Main Street Historic District (Medina, New York)

Main Street Historic District (Medina, New York)
Main Street Historic District
A view down the center of a wide street with three-story ornate brick commercial buildings in a mix of colors on either side. At bottom center is an upside down "Only" above a curved arrow pointing right.
View north on Main Street from
Center Street junction, 2010.
Fuller and J.A. French blocks on left.
Main Street Historic District (Medina, New York) is located in New York
Location: Medina, NY
Nearest city: Lockport
Coordinates: 43°13′13″N 78°23′13″W / 43.22028°N 78.38694°W / 43.22028; -78.38694Coordinates: 43°13′13″N 78°23′13″W / 43.22028°N 78.38694°W / 43.22028; -78.38694
Area: 12 acres (4.9 ha)[2][3]
Built: 1845-1925
Architectural style: Romanesque, Queen Anne, Italianate
Governing body: Private businesses and residences, Village of Medina
NRHP Reference#: 95000213 (original)
97001457 (increase)[1]
Added to NRHP: March 23, 1995 (original)
November 24, 1997 (increase)

The Main Street Historic District in Medina, New York, United States, is the downtown commercial core of the village. It is a 12-acre (4.9 ha) area stretching south along Main Street from the Erie Canal to the railroad tracks.

Its buildings, all but three of which contribute to its historic character, reflect the development of Medina from the early days of the canal, where a bend in the route made it a natural harbor, in the 1830s to the 1920s. They are brick or stone buildings in a variety of architectural styles from the 19th century, primarily Italianate. Many of them have been renovated after a period of decline in the mid-20th century. In 1995 it was designated a historic district and listed on the National Register of Historic Places. Two years later, a rail freight depot at the south end was added when further research established that it was historically related to other buildings in the district.



The district is an irregularly shaped area whose axis is Main Street for a block and a half north and south of East and West Center Street (NY 31 and 31E/63 respectively. South of the Main-Center intersection, Main Street is also itself part of routes 31 and 63). Its boundaries are defined by lot lines and streets. The terrain is level with a slight descent to the canal and creek at the northeast.[2]

At the north, the district includes the properties on the east side of Main north of Pearl Street that back on the canal just north of the bend it takes after crossing the Oak Orchard River to the immediate east. Its boundary continues along the rear property line of the east side of Main, excluding the parking lot at the canal basin, then expanding westward at East Center to include some properties on both sides of the street east of Manilla Place, stopping just short of St. John's Episcopal Church, the "Church in the Middle of the Street" and one of Medina's oldest public buildings. It then returns to the rear lines of the east side of Main, following the CSX railroad tracks back to the street.[2]

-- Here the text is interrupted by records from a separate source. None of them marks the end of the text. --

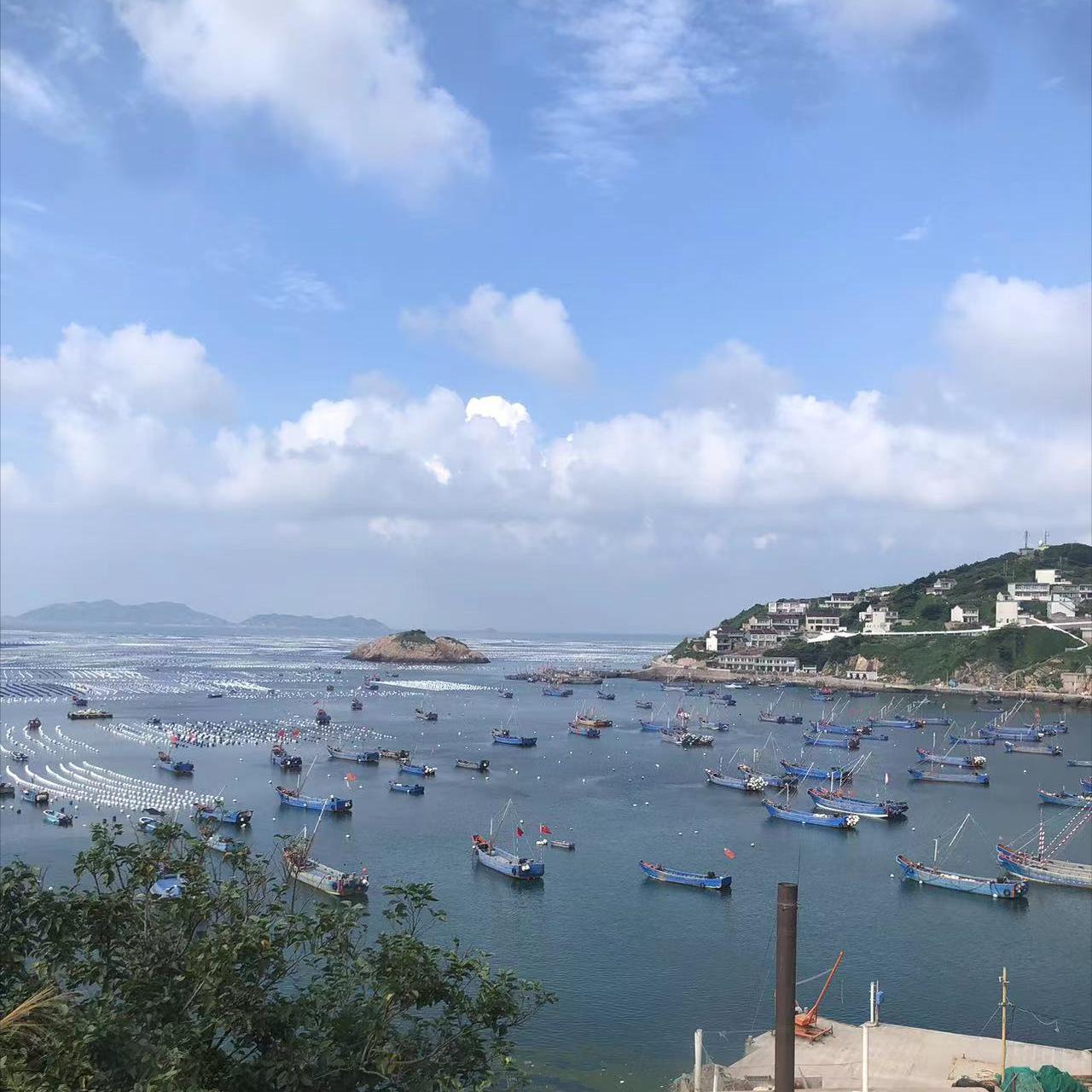 嵊泗三日游行程,去嵊泗玩住本岛还是住枸杞岛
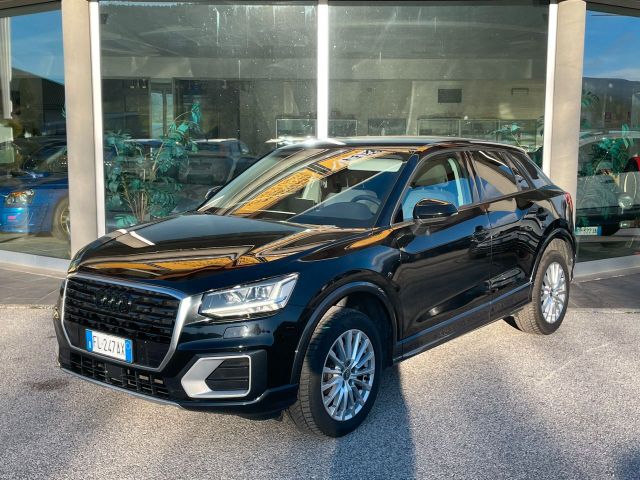 AUDI Audi Q2 1.6 TDI 116cv SPORT "MANUALE"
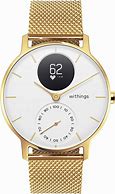 Image result for Withings Steel HR 36Mm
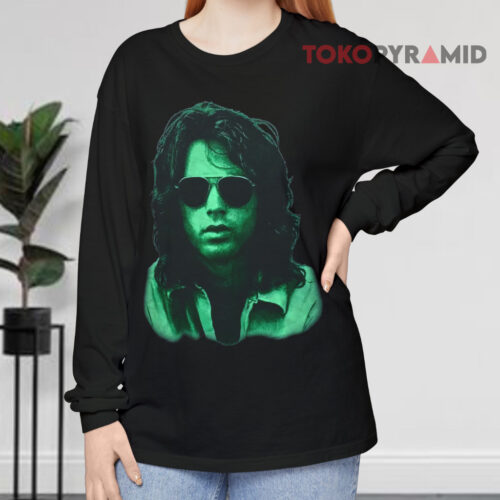 Vintage 1994 The Doors Jim Morrison Big Face Long sleeved Vintage 1994 The Doors Jim Morrison Big Face Long sleeved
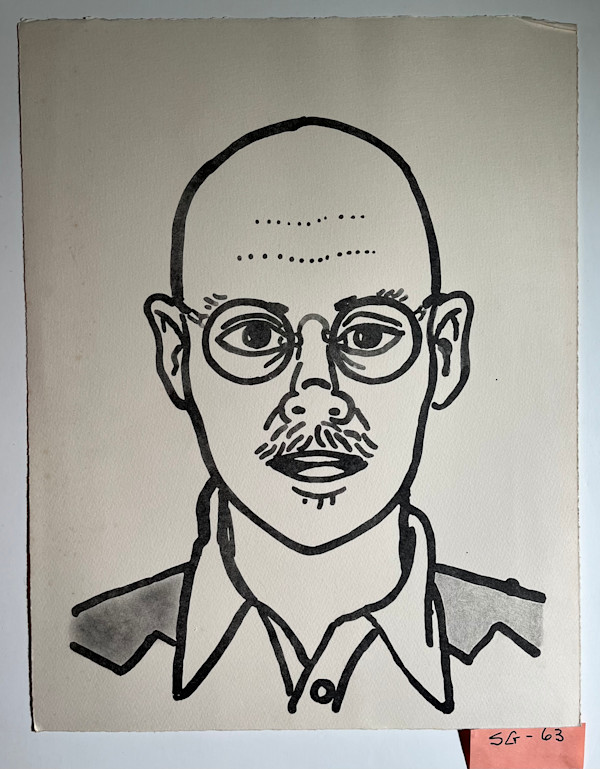 John Sommers by Spence Guerin
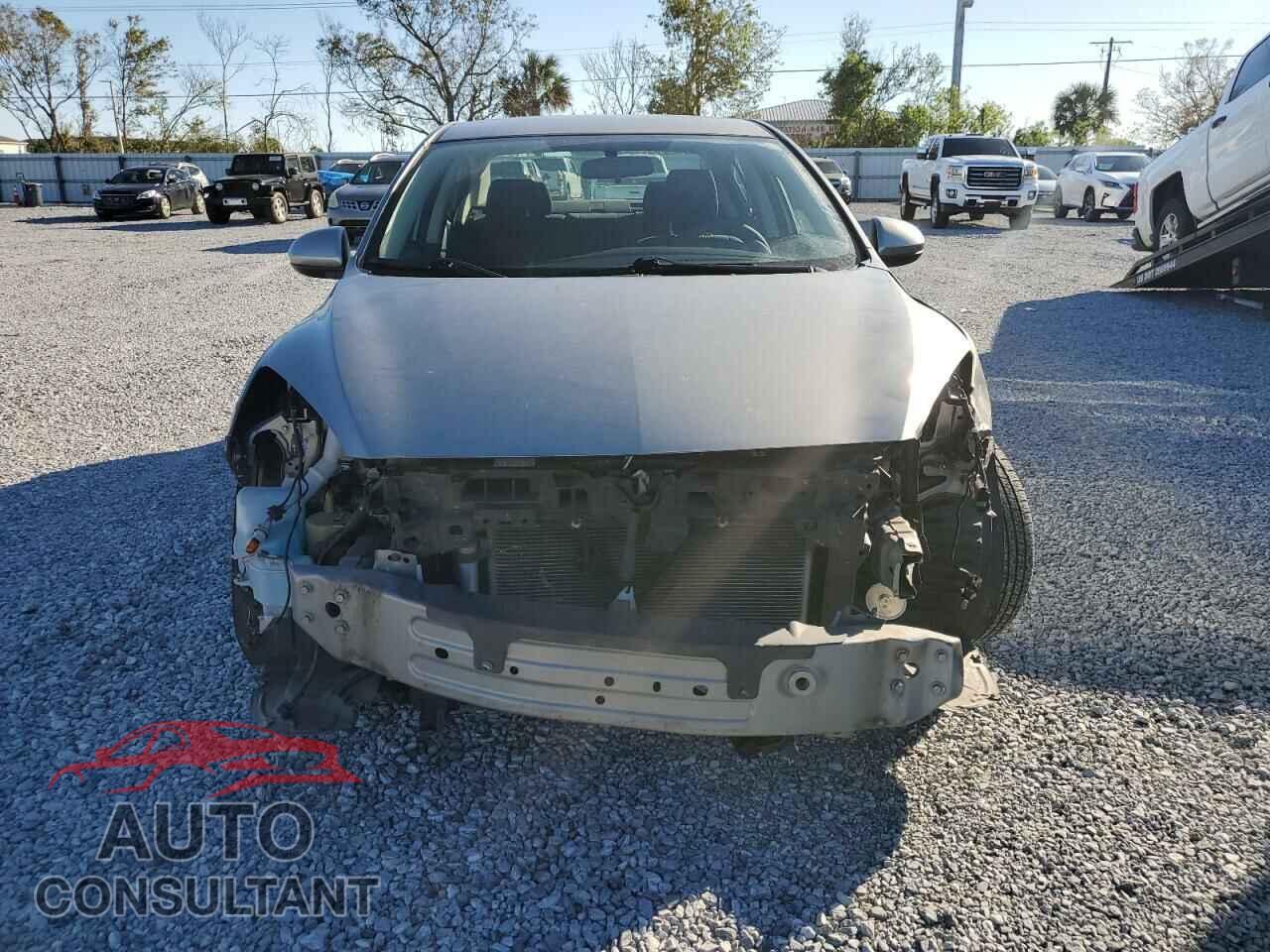 MAZDA 3 2010 - JM1BL1SF7A1291986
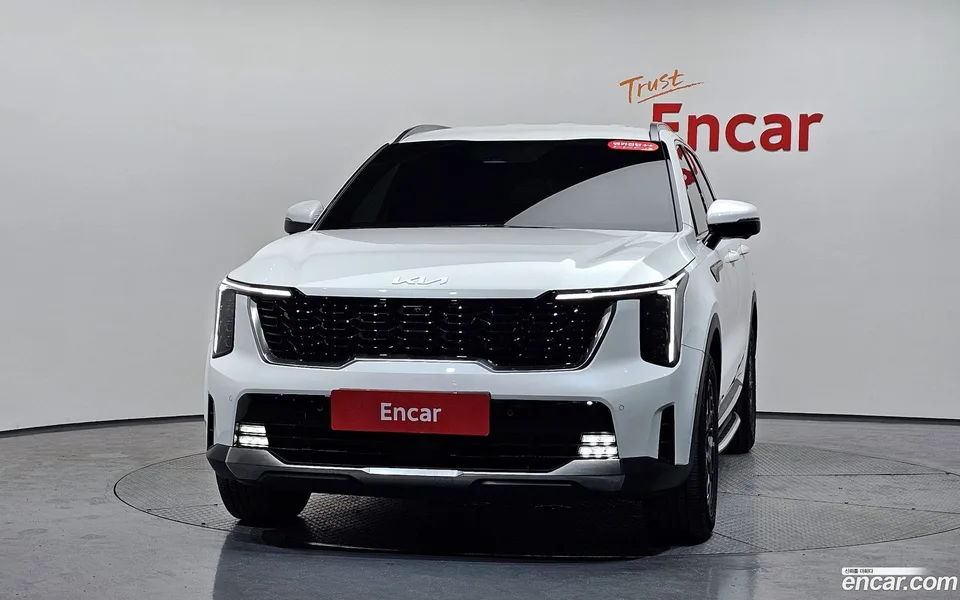 Kia Sorento HEV 1.6 2WD 2024 — thumbnail 3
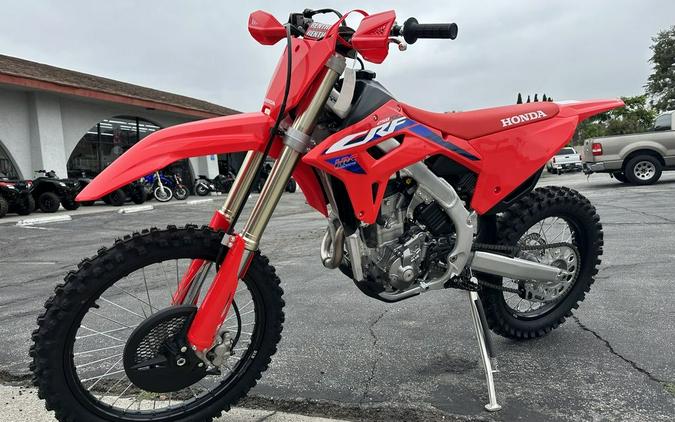 2023 Honda® CRF250RX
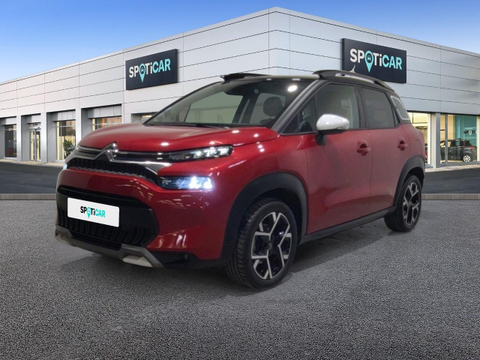 Citroën C3 Aircross puretech 130 s&s eat6 shine pack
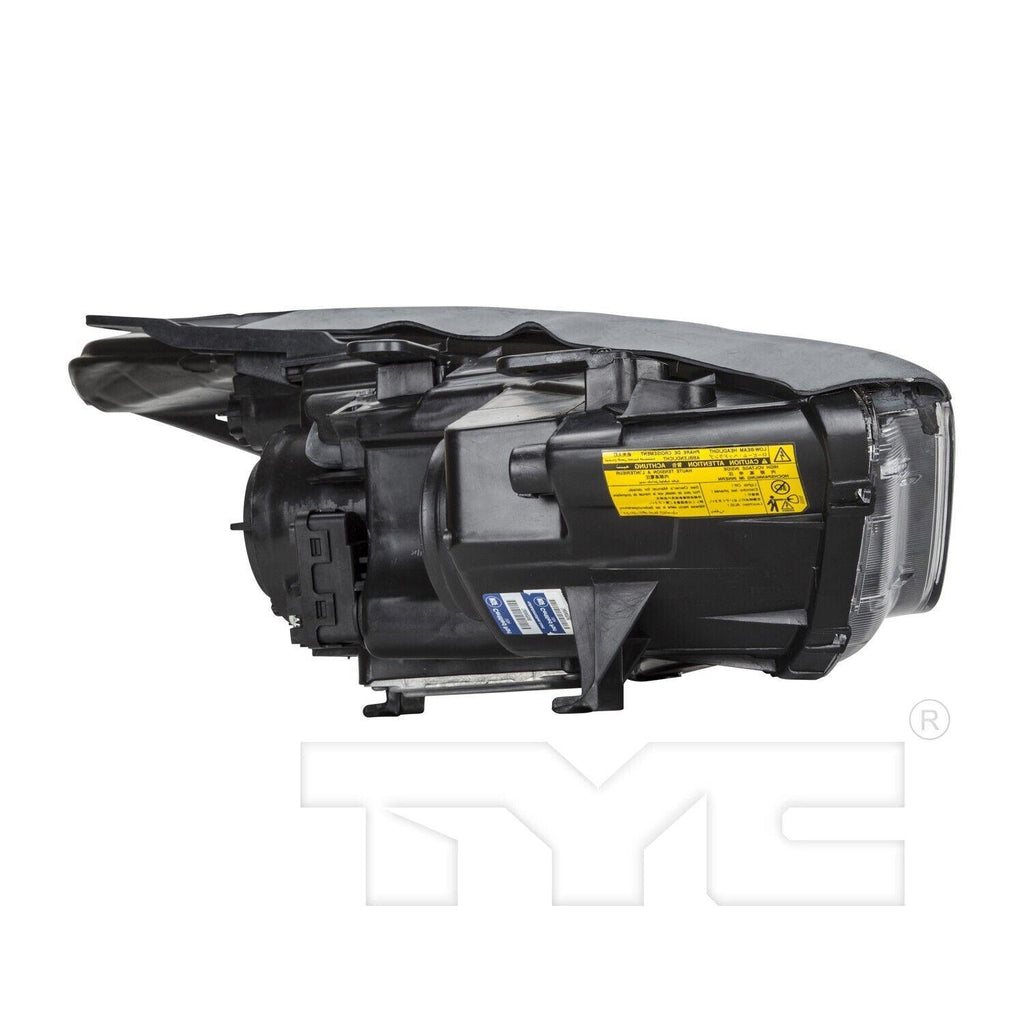 TYC Headlight Assembly for 13-16 Hyundai Santa Fe Sport 20-9438-00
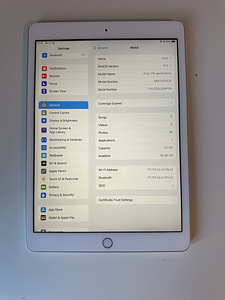 iPad 10,2 (7 Gen, 2019) 32Gb Wi-Fi (2 foto / 4)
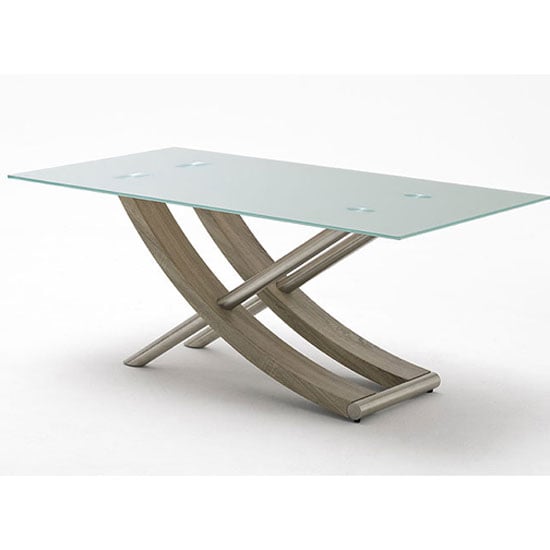 kaleo glass din tab - Choosing Dining Room Furniture: Glass Dining Table Pros And Cons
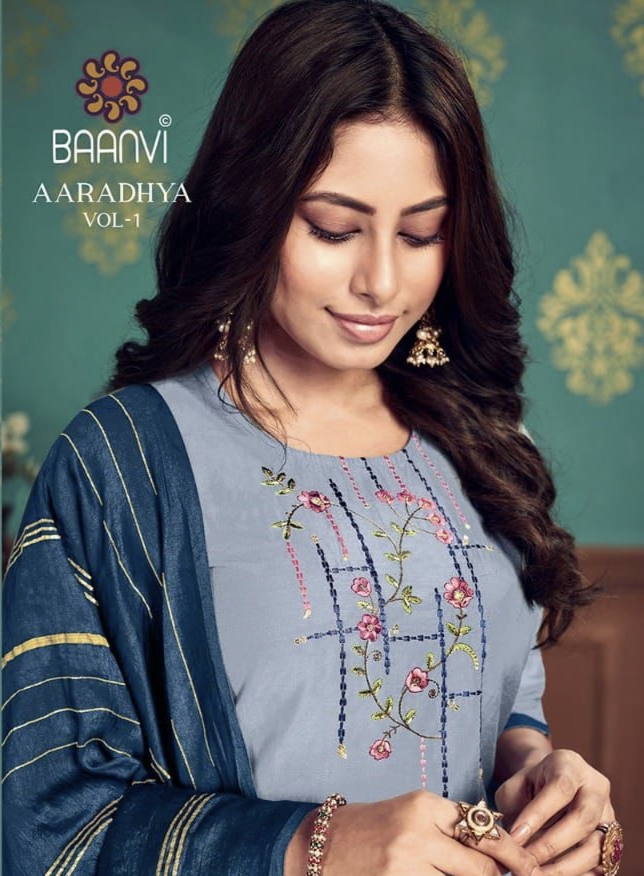 Aradhya By Baanvi Dealer And Exporter Surat Gujarat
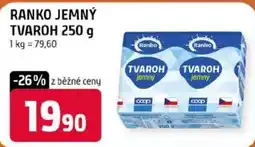 Trefa Ranko jemný tvároh nabídka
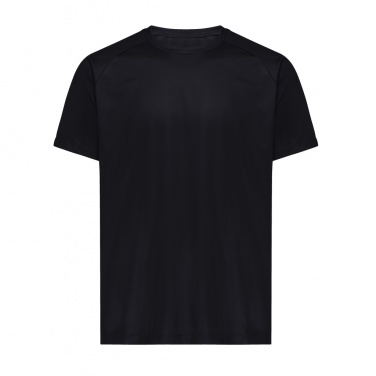 Logotrade werbemittel das Foto: Iqoniq Tikal Sport Quick-Dry T-Shirt aus rec. Polyester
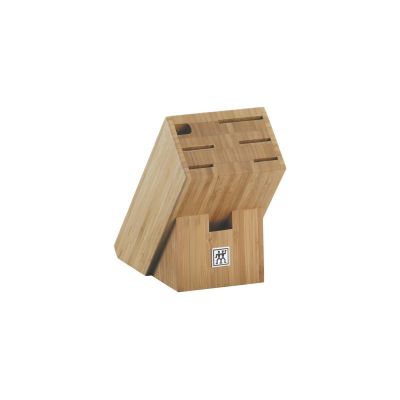 8. ZWILLING 35068-002-0 kitchen cutlery and knife set 7 pcs. Knife block/cutlery set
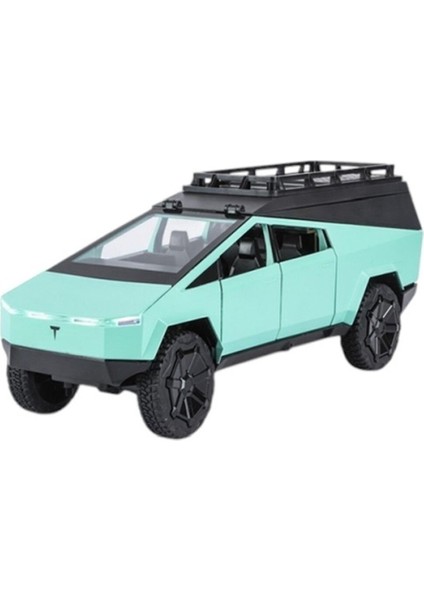 XHD-B2443 C-B -Vardem Çek Bırak Işıklı ve Sesli Kapıları Açılan Tsl Araba 1:24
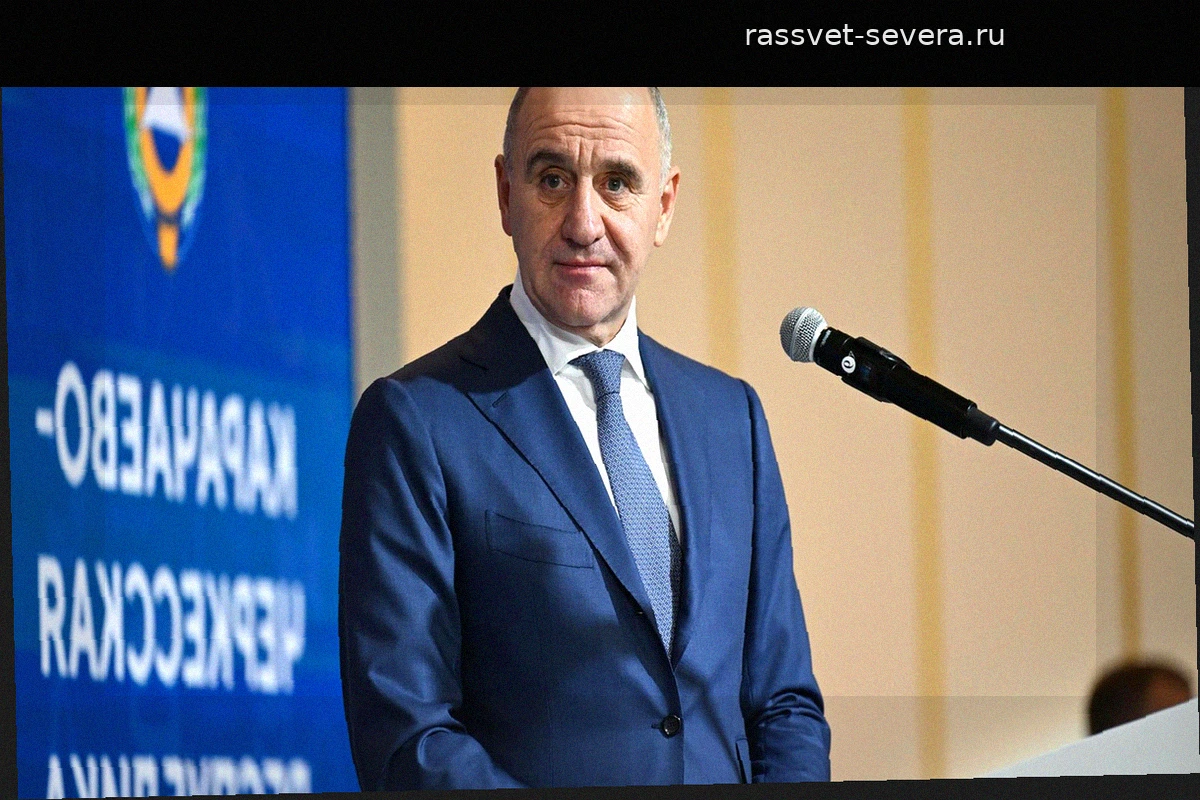 Рашид Темрезов официально возглавил Карачаево-Черкесию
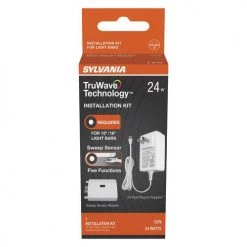 SYLVANIA TruWave™ Natural Series™ Installation Kit -Sylvania Outlet Store 3467240 P ALT2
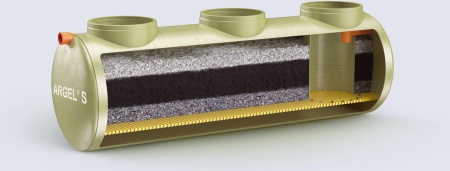 Сорбционный фильтр Argel S1-30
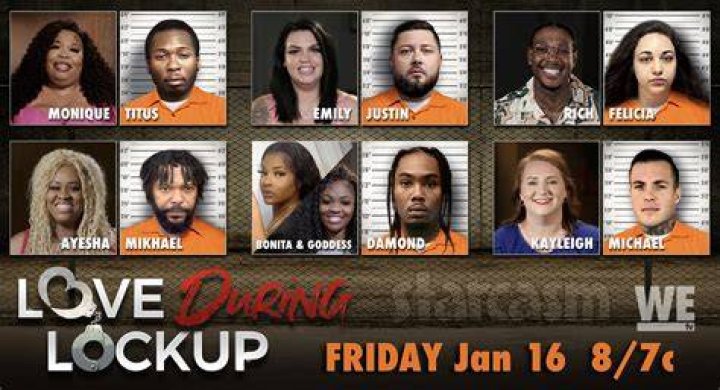 Love During Lockup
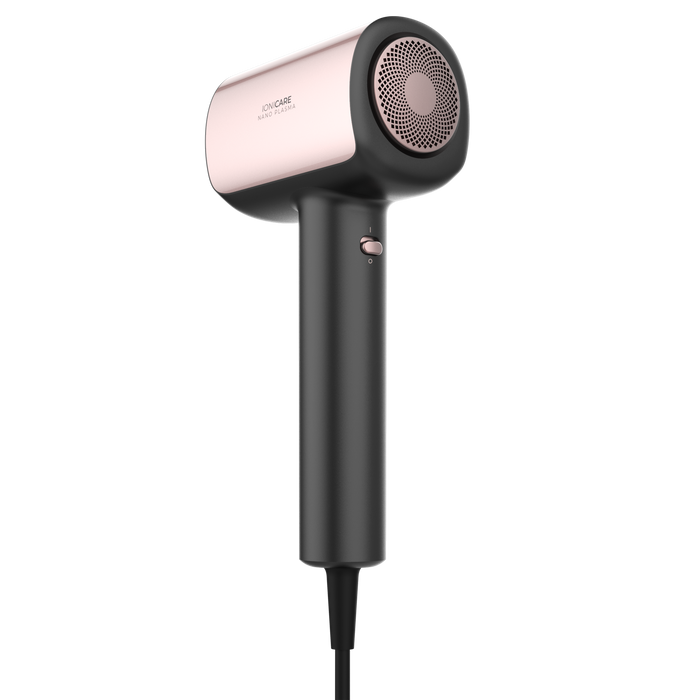 Uscător de păr Cecotec DryGlam Nano Plasma, 1600 W, 3 viteze, 3 trepte de temperatură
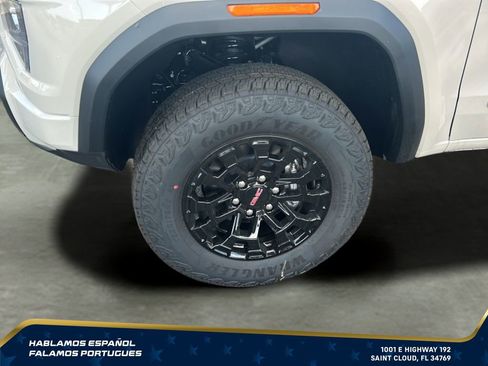 New 2026 GMC Canyon Elevation RWD image 10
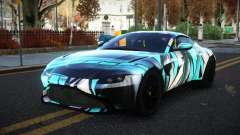Aston Martin Vantage Jajoelca S14 for GTA 4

On the west side of Main it includes all the properties down to North Avenue. The district takes in the large railroad complex, excluding the hardware store on the corner with West Avenue, which it follows north to just past the tracks. The 1997 boundary increase added the Medina Railroad Museum across the street, extending the southwest corner of the district to Gwin Street. After that the boundary crosses the street again and takes in the old train station building,[3] then turns north at the back of City Hall to follow rear property lines on the east side of Main, including the buildings with frontage on the east side of Proctor Place. One lot south of Pearl Street, it turns east to exclude a house and vacant lot along that back to Main, which it then follows back up to the north end of the district.[2]

This tightly drawn boundary encloses an area of 12 acres (4.9 ha). Of the 52 buildings within it, only three are too modern to be considered contributing properties. There are no houses; most are multistory commercial buildings with a few having apartments above street level. The railroad-related properties, First Presbyterian Church and City Hall and its fire station are the few exceptions. It excludes Medina's Register-listed post office and St. John's, found eligible.[2]


The settlement of what became Medina began with the announcement of the canal's construction in 1817. Within a few years some houses had sprung up for canal workers near the bend, and by 1825 the area in the northeastern portion of the district known as the docks, had been well developed, with a general store. At the time what is now Main Street was known as Shelby Street. None of those buildings are extant, mostly wood frame structures, are extant, having been demolished to make way for the current buildings. The foundation of the former Arcade at 343–347 Main Street is the only remnant of the village's early years still extant.[2]

In 1823 the Holland Land Company, the original European owners of much of Western New York, sent Ebenezer Mix to survey and lay out a village at the Ridgeway-Shelby town line. He completed this by 1826. This, combined with the settlement around the docks, became Medina. At that time, it was a way station along the canal for barges and an overnighting point for passengers. Many of its early buildings were hotels.[2]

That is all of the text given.